Wednesday, January 21, 2009

The Poet's Corner

What a tough crowd. The left and the right have criticized the inaugural poem by Elizabeth Alexander. Too academic. Not patriotic enough. Should have used the rhythms of Hip Hop. Some of us remember an old Robert Frost blinded by the light at the inaugural of JFK, wind swept his new poem away and he had to recite an old favorite from memory. Who could forget Maya Angelou at Bill Clinton's 1993 inaugural? Poor Elizabeth Alexander. She had to follow Barack Obama's speech--an impossible task. Besides, Americans don't read poetry anymore.

Here it is:
Praise Song for the Day
Each day we go about our business,
walking past each other, catching each ohers' eyes or not, about to speak or speaking. All about us is noise. All about us is noise and bramble, thorn and din,each one of our ancestors on our tongues.
Someone is stitching up a hem, darning a hole in a uniform,patching a tire, repairing the things in need of repair.
Someone is trying to make music somewhere with a pair of wooden spoons on an oil drum with cello, boom box, harmonica , voice.

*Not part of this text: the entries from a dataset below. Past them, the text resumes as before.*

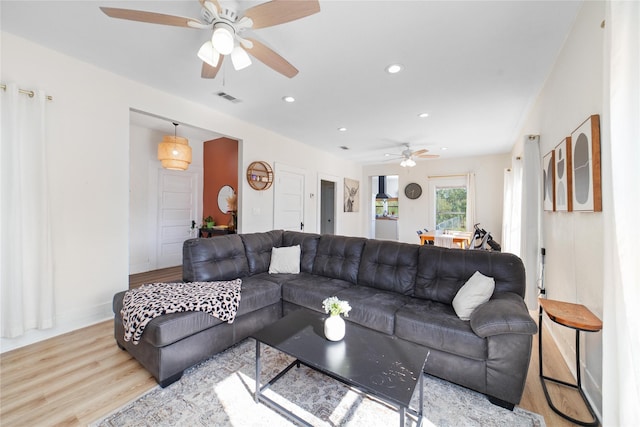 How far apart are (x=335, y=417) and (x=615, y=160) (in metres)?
1.89

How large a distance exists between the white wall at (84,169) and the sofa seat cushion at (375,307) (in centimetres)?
263

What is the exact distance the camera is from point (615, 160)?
1.04 m

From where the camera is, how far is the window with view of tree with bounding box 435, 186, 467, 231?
6.77 meters

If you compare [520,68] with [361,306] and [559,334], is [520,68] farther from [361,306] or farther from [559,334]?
[361,306]

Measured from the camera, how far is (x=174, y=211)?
545 cm

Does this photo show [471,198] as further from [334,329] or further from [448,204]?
[334,329]

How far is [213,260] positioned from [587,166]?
3216 mm

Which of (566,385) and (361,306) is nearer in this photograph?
(566,385)

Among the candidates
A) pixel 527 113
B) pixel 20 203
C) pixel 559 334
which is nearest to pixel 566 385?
pixel 559 334

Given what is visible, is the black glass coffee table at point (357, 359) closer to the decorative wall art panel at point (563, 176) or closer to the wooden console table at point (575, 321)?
the wooden console table at point (575, 321)

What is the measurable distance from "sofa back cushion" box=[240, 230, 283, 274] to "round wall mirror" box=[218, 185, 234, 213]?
7.89 feet

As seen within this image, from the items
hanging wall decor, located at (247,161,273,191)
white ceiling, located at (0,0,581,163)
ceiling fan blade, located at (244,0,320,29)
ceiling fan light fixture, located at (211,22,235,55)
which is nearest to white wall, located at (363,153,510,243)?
white ceiling, located at (0,0,581,163)

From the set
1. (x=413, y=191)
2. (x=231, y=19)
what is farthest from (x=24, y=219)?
(x=413, y=191)

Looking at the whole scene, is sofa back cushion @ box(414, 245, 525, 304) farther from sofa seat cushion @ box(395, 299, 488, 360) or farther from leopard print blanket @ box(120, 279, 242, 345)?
leopard print blanket @ box(120, 279, 242, 345) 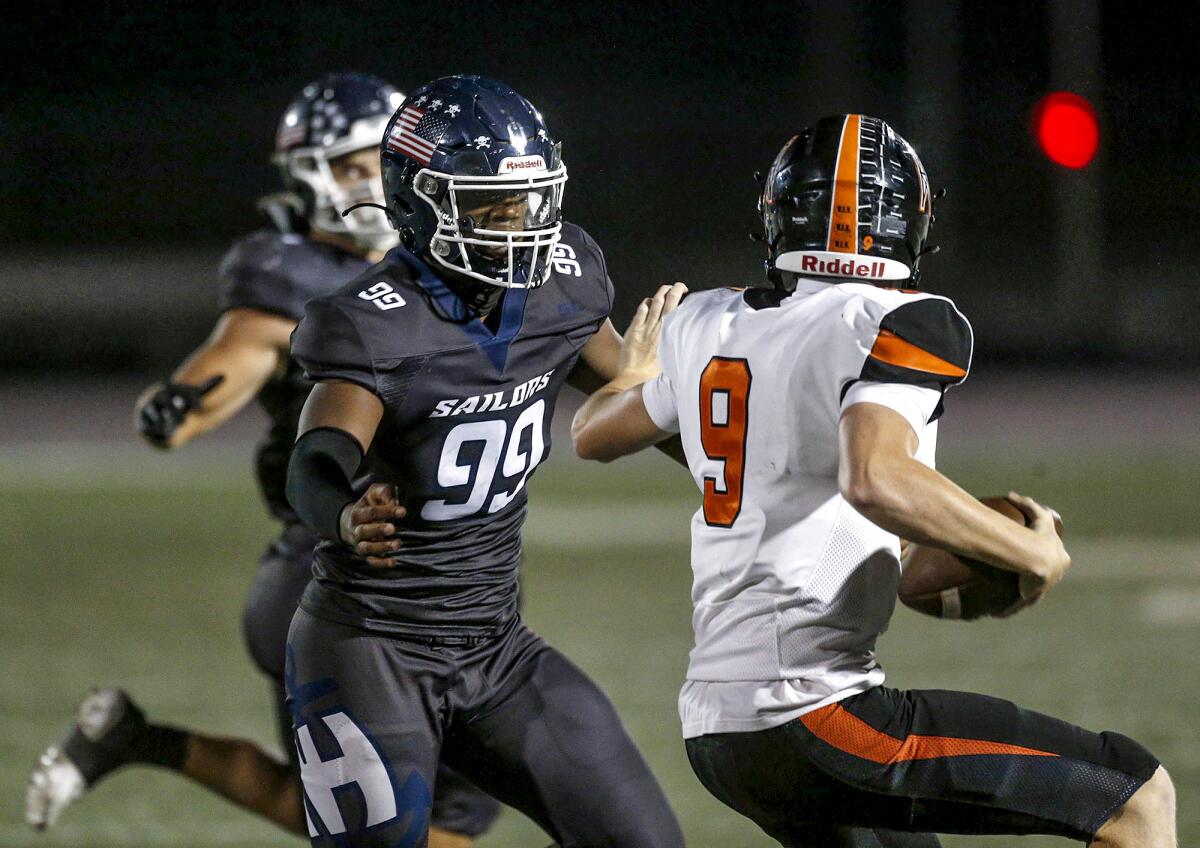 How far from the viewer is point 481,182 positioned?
8.86ft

A woman and her son wait for the bus.

A farmer considers the changing sky;A teacher says," Take out your pencils. Begin."

We encounter each other in words,words spiny or smooth, whispered or declaimed;
words to consider,reconsider.

We cross the dirt roads and highways that mark the will of someone and then others who said,"I need to see what's on the other side;I know there's something better down the road."

We need to find a place where we are safe; We walk into that which we cannot yet see.

Say it plain, that many have died for this day. Sing the names of the dead who brought us here,who laid the train tracks,raised the bridges, picked cotton and the lettuce, built brick by brick the glittering edifices they would then keep clean and work inside of.

Praise song for the struggle;praise song for the day. Praise song for every hand-lettered sign; the figuring it out at kitchen tables.

Some live by "Love thy neighbor as they self."

Others by first do no harm, or take no more than you need.

What if the mightiest word is love,love beyond marital,filial,national. Love that casts a widening pool of light. Lover with no need to preempt grievance.

In today's sharp sparkle, this winter air, anything can be made, any sentence begun.

On the brink, on the brim, on the cusp--praise song for walking forward in the light.

End.

Not Frank O'Hara's urgent "Lana Turner Fainted Today" I know but strong enough. But then who could ever surpass Maya Angelou's "On The Pulse of Morning" ? By popular demand here are the first two verses.

A Rock,A River, A Tree
Hosts to species long since departed,
Marked the mastodon.

The dinosaur, who left dry tokens
Of their sojourn here
On our planet floor,
Any broad alarm of their hastening doom
Is lost in the gloom of dust and ages.

Dinosaurs are a hard act to follow. So maybe we should give Elizabeth Alexander a break.